A new book explains how AI may redefine application of Michael Porter’s classic rules on cost, differentiation and segmentation.
Strategising AI in Business and Education, by Aleksandra Przegalinska and Dariusz Jemielniak, is newly published by Cambridge University Press.
In an INMA blog, researcher-in-residence Greg Piechota says the MIT and Harvard fellows believe AI will redefine how companies compete, helping companies reduce costs or charge more – or both – thanks to scaled personalisation.
He quotes Harvard scholar Porter’s strategy for companies in a competitive market to thrive by lowering costs (and prices), differentiating to command a premium price, or focussing on a narrow segment in which it can charge more.
Piechota says empirical studies confirm both low cost and differentiation positioning drives performance, but differentiation leads to more sustained performance over time.
Przegalinska and Jemielniak study the intersection of management and the internet for Poland’s Kozminski university, Massachusetts Institute of Technology and Harvard university.
They say cost leadership can be transformed through automation of tasks, optimisation of resources and increase in effectiveness, while differentiation “starts to rely on personalised, or even hyper-personalised, services and products through machine learning-enabled customer segmentation and targeted marketing”.
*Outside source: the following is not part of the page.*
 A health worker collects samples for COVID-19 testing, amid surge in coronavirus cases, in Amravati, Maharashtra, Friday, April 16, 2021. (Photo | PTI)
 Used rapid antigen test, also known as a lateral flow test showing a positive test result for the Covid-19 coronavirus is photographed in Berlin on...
However, focus may become the dominant strategy that organises both cost leadership and differentiation approaches. The use of AI allows for “very refined analytics of people’s purchasing decisions and shopping preferences to the degree where new products and services become hyper-personalised,” they say. “Such products can lean toward premium, but they can also be very affordable.”
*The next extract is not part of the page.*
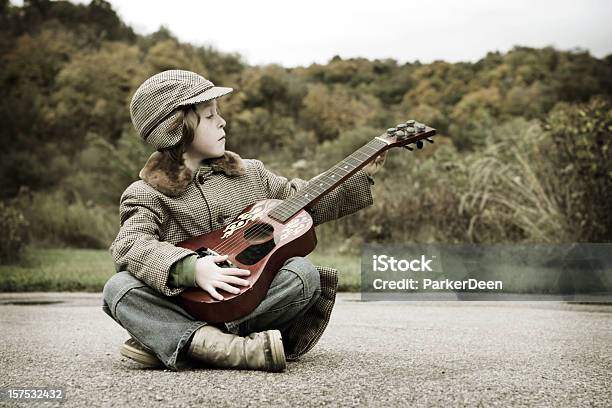Encantadores Little Boy Playing Guitar En Prairie Foto de stock y más banco de imágenes de Agarrar - Agarrar, Aire libre, Alegre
Piechota says Przegalinska and Jemielniak’s hypothesis challenges our understanding of competitive strategy trade-offs. Porter’s belief that successfully pursuing more than one approach as its primary target was rarely possible, “mirrors concerns of news executives whether a company can successfully pursue both advertising and reader revenue models in digital or optimise for both volume of readers and their value at the same time”.
Przegalinska and Jemielniak say companies that pioneer AI applications are rapidly transforming “not only their operations but the whole sectors. For example, healthcare increasingly relies on AI to design and customise drugs and therapies”.
Piechota cites new media pioneers such as India’s Times Internet and Norway’s Schibsted, which view data and tech platforms as the backbone of their business. Collecting data, segmenting users, and targeting content, offers and ads based on predictions support both advertising and reader revenues.
“These are the cornerstones of news media transformation from product- to customer-centric.”
While Porter warned that firms “stuck in the middle” between generic strategies” were “almost guaranteed low profitability”, Przegalinska and Jemielniak expect that middle ground to be the new winner, he says, as AI allows companies to serve multiple market segments at once and at scale.
The authors recommend using data on audience behaviour and transactions to identify the most valuable customers; creating a differentiated experience by applying predictive and generative AI to customise the product in ways that cannot be easily replicated by competitors; and improving effectiveness of your marketing and sales as different types of AI can tailor your campaigns to the target segments narrowly, down to individuals.
Reducing costs by automating tasks with AI may improve speed and accuracy of decision-making, as well as freeing up human workers’ time for creativity and innovation.